4. Beginning Fluency Learners are fairly fluent in social situations with fewer errors. Learners still struggle with new contexts and academic situations, and may have difficulty expressing themselves due to vocabulary gaps.
5. Intermediate Fluency Learners have a more extensive vocabulary and use more complex sentences in writing and speaking. Learners can express themselves in new situations and academic contexts, but there may still be some gaps in vocabulary and phrases. 
6. Advanced Fluency Learners communicate fluently in all contexts, in new situations and academic settings. At this stage, learners may still have an accent and use idiomatic expressions incorrectly at times, but have exited ESL programs and are essentially fluent.

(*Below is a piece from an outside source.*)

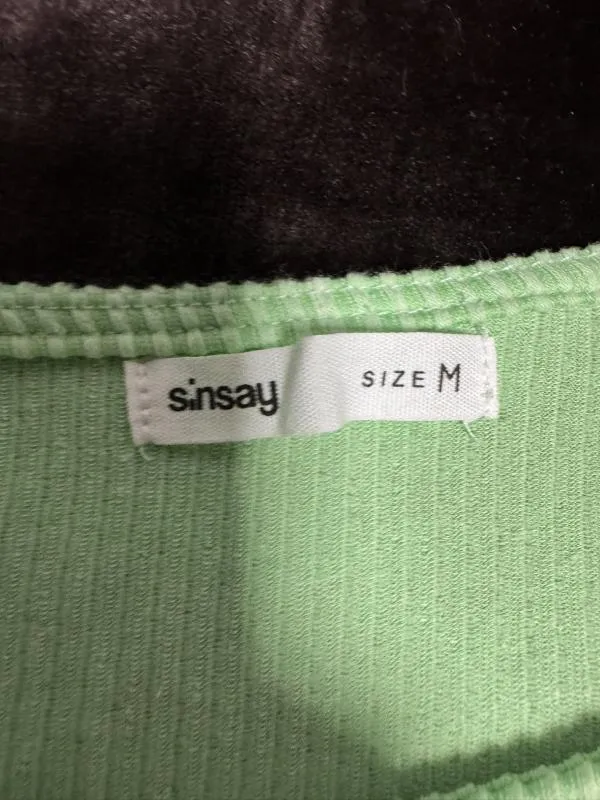 Rochie casual Sinsay EU 36 | Verde lime, Mini, Mânecă lungă, Cu decupaje, Poliester - Image 5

Conversational Language vs. Academic Language

Conversational English

  • Necessary for daily life, social situations, making friends, understanding common slang and idioms, and enjoying American entertainment.
  • Takes one to two years to learn how to speak and understand a normal conversation.
  • Young learners may pick up conversational English quickly through immersion and interactions with peers.

 

Academic English

  • Necessary for success in school and college, as well as job-seeking and formal situations.
  • Takes four to 10 years to use English in grade-appropriate reading and writing, problem-solving and critical thinking activities (this includes the one to two years learning conversational English).
  • Students who studied English in their home country may be poised for success in academic English, but have low confidence in conversational English.

 

Both Conversational English and Academic English are necessary for success.